I've been trying to mutate a dataset with a user-defined function that includes calls to str_locate
and str_sub
. The aim is to locate then extract the first digit within a sequence of 3 digits amongst strings, then add this digit (as a character
) to a new column called Hundreds.
For example:
- Given string '821': the string '8' is added to
Hundreds
. - Given string 'Af823.22', the string '8' is added to
Hundreds
.
Here is my function:
get_hundred <- function(s) {
match_pos <- str_locate(s, "[0-9]{3}")
return(str_sub(s, match_pos[1], match_pos[1]))
The first 20 rows of my data look like this:
df1 <- structure(list(call.number = c("372.35044 L4383", "344.049 C235",
"344.410415 DIM", "346.944043 NEI", "808.0667 B2616", "363.6909945 CAST",
"ABS 2015.0", "371.38 MACK", "372.1102 PRAW", "A823.3 WRIG/T",
"havmf test", "[DENTISTRY] CROW", "[DENTISTRY] JAWS", "[DENTISTRY] LOWE",
"[DENTISTRY] MOLA", "[DENTISTRY] SERI", "[DENTISTRY] SKUL", "[DENTISTRY] TEET",
"[HEALTH]ANKL", "[HEALTH]FOOT"), num.items = c(1, 1, 1, 1, 1,
1, 1, 1, 1, 1, 1, 1, 1, 1, 1, 1, 1, 1, 1, 2)), row.names = c(NA,
-20L), class = c("tbl_df", "tbl", "data.frame"))
Filtering the data
In fact I'm only looking for particular forms of string within a large list of call.number
s.
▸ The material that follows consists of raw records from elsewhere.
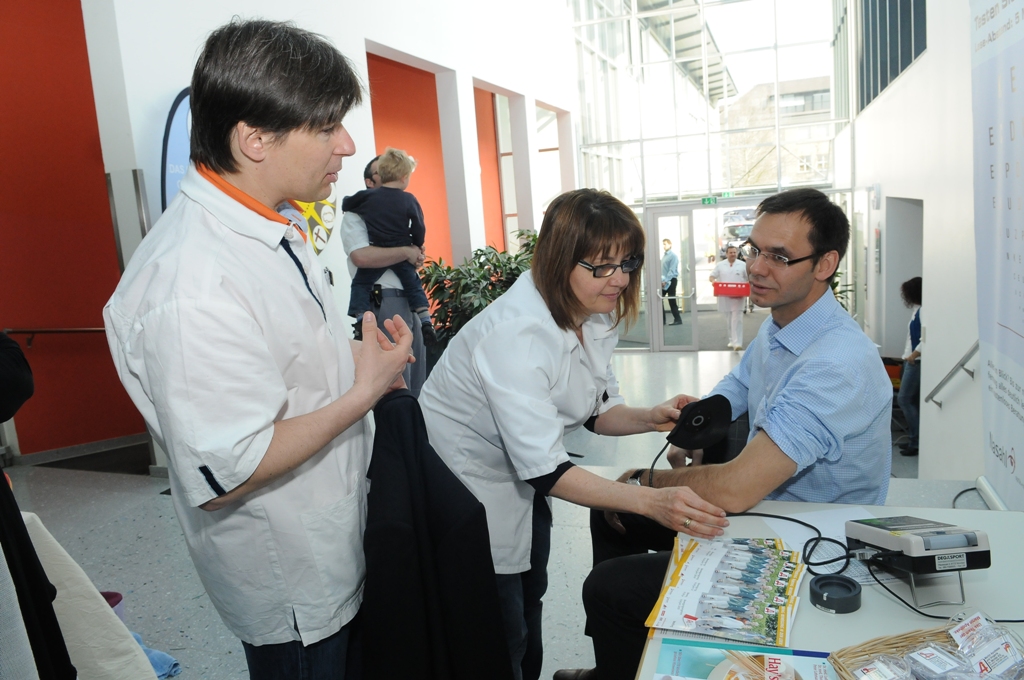 Gesundheitstag Apotheke quer 2011_jpg-1335000183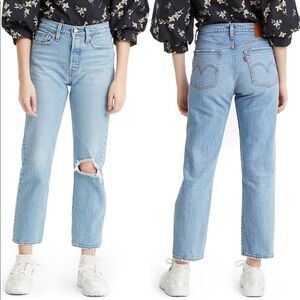 LEVIS Women's Cropped Ripped Light Blue Jeans. Size 26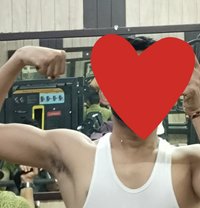 Aditya telegram@AdiSingh_231 - Acompañantes masculino in New Delhi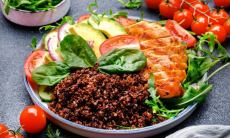 Диетолог рассказала, как похудеть с помощью метода «Гарвардская тарелка»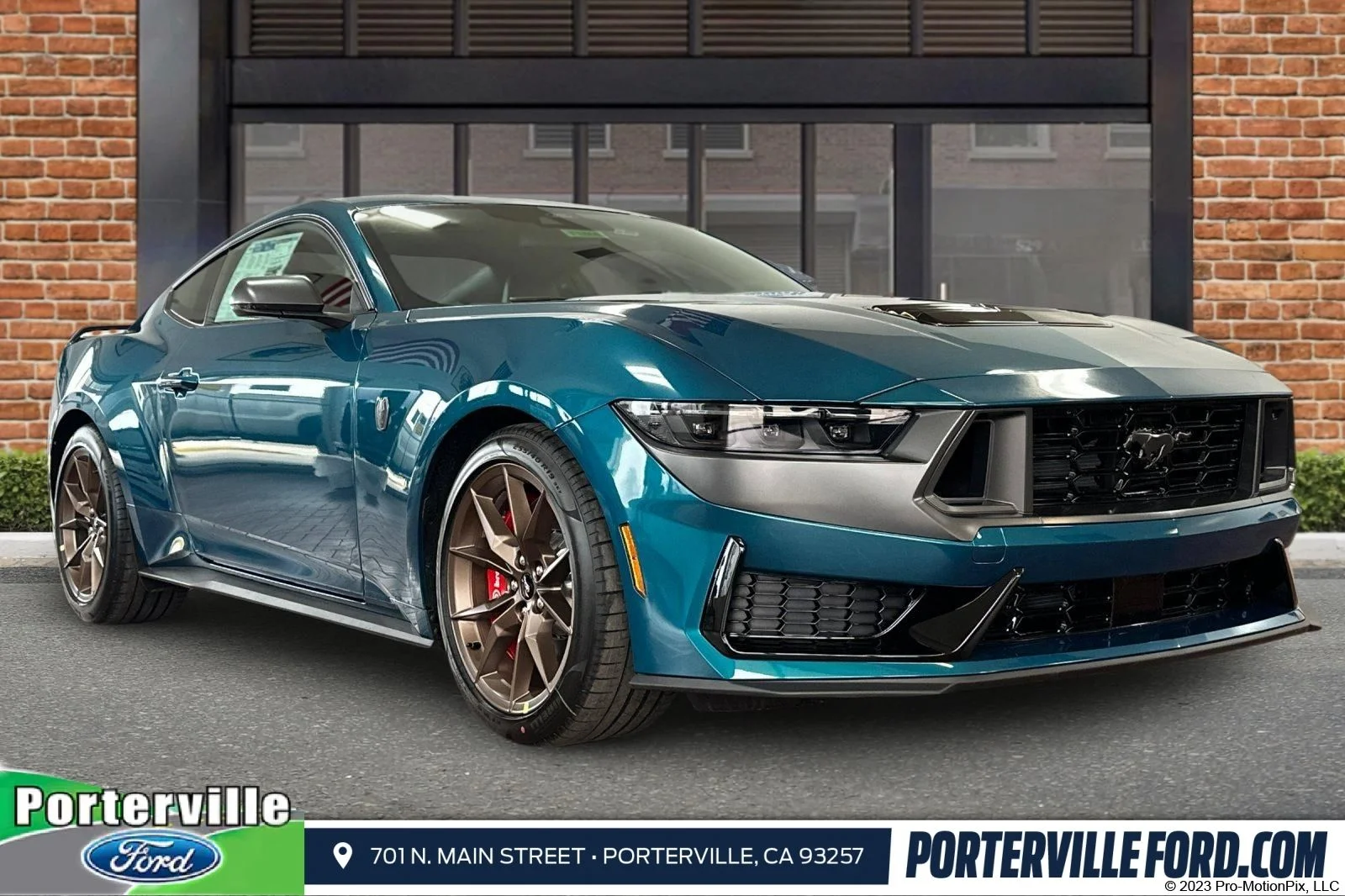 2026 Ford Mustang Dark Horse's photo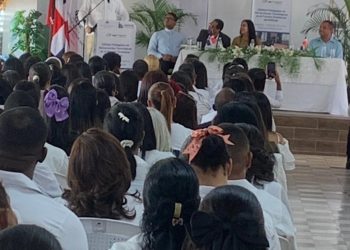 Inafocam e ITEROM Gradúan Maestros de la Regional 13-00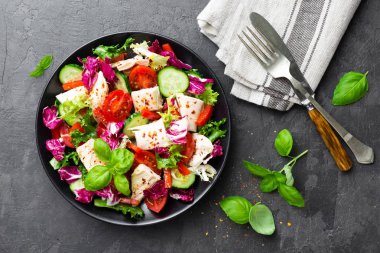 Salata tavuk eti ile. Tavuk göğsü ile taze sebze salatası. Et tavuk fileto ve plaka üzerinde taze sebze salatası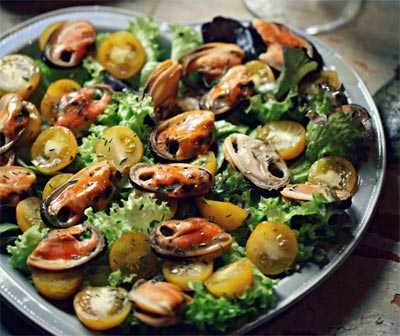 Тёплый салат с рукколой и морепродуктами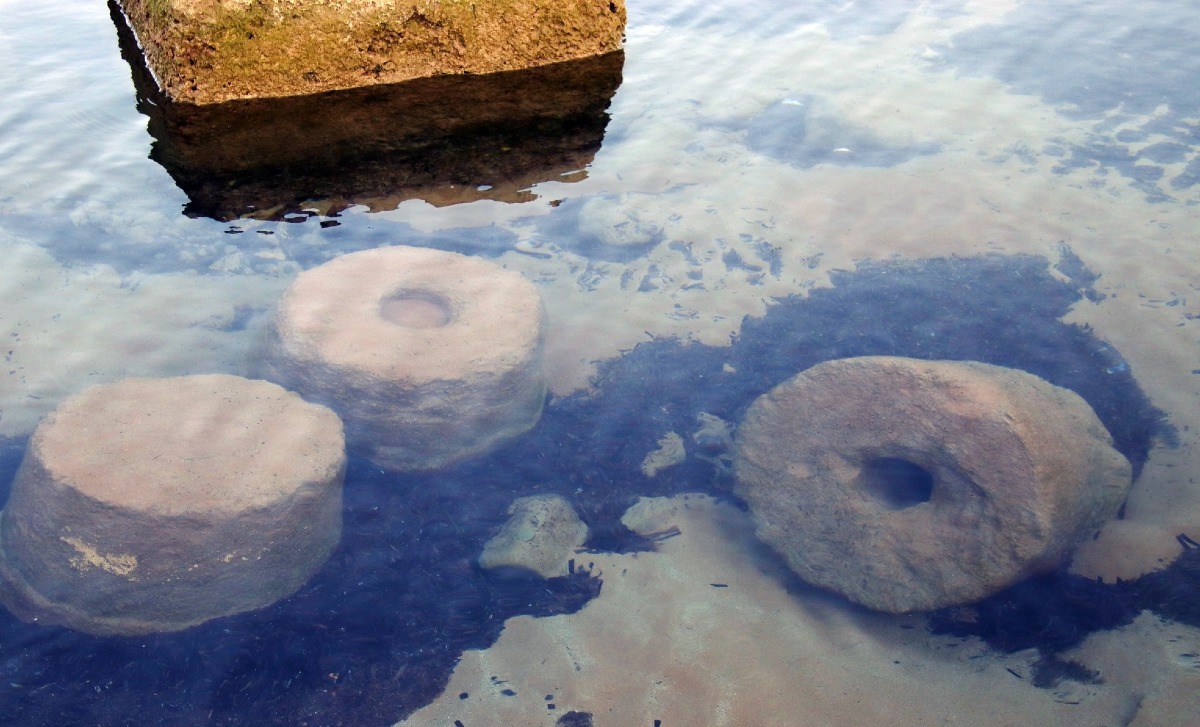 Mareggiate riportano alla luce antichi rocchi di colonne a Crotone - 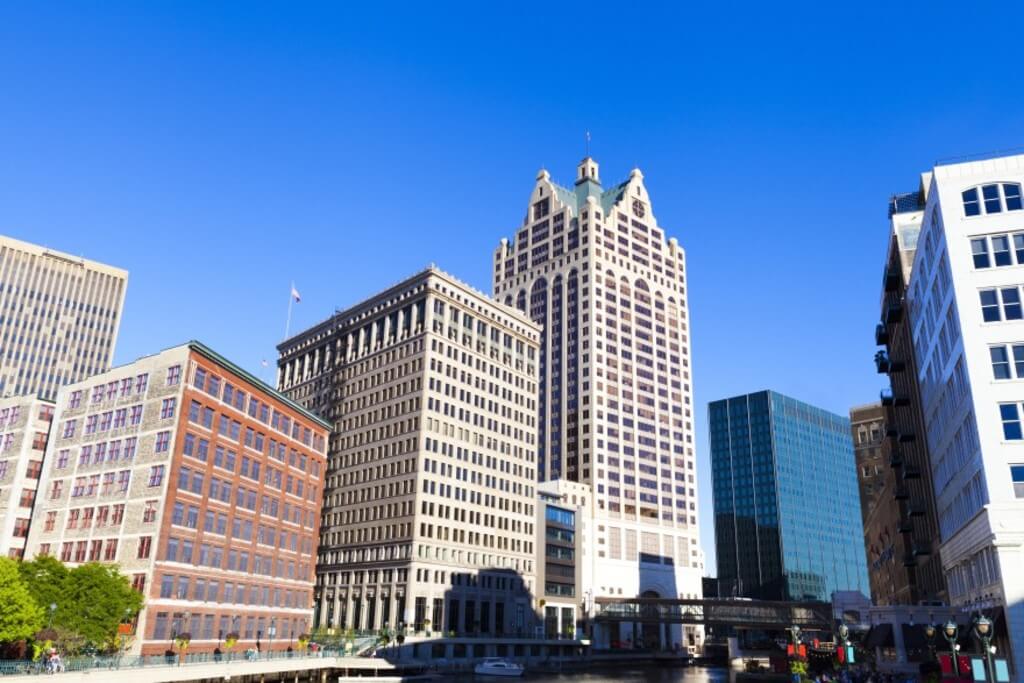 Milwaukee: wisconsin tourist attractions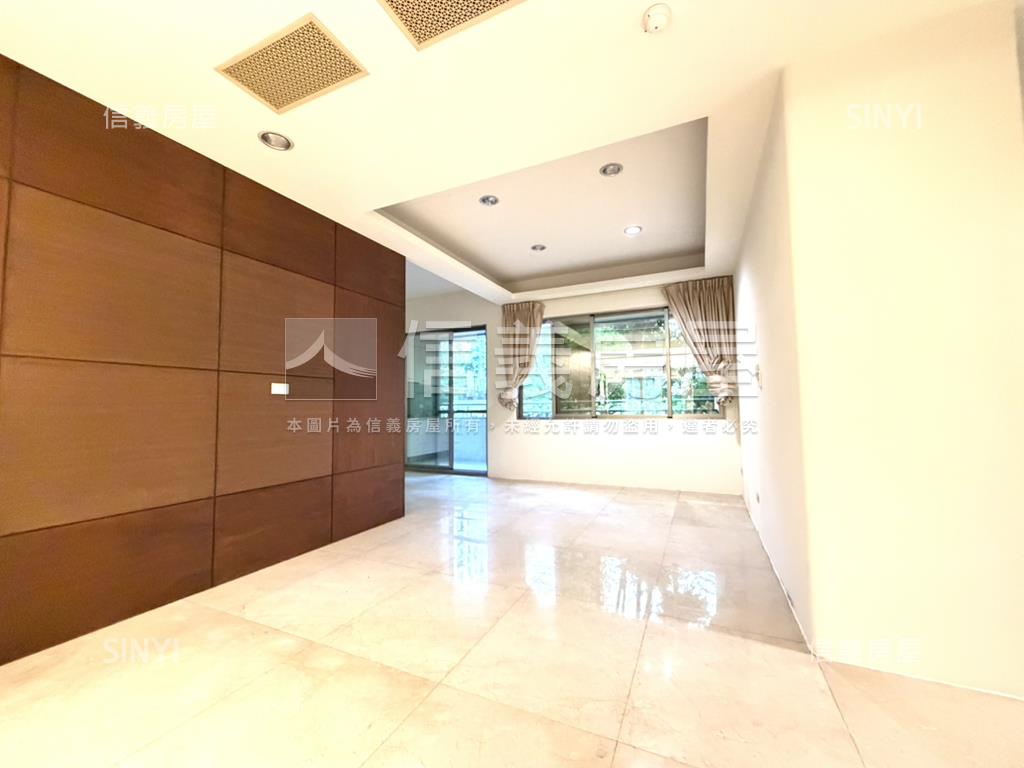 維也納露臺戶房屋室內格局與周邊環境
I believe the below str_detect
is detecting the forms of string I want.
df2 <- df1 %>%
filter(str_detect(call.number, "^[A-Z]?[A-Z|a-z]?[0-9]{3}.*"))
What am I doing wrong?
Now I do this:
df2 %>%
mutate(Hundreds = get_hundred(call.number))
Doing this however puts an 'A' in the Hundreds
column for row 9, where I expect to see an '8'. Yet, if I call get_hundred
on "A823.3 WRIG/T" (the "equivalent string") the function does return an '8'.
get_hundred("A823.3 WRIG/T")
What is it I'm not understanding here?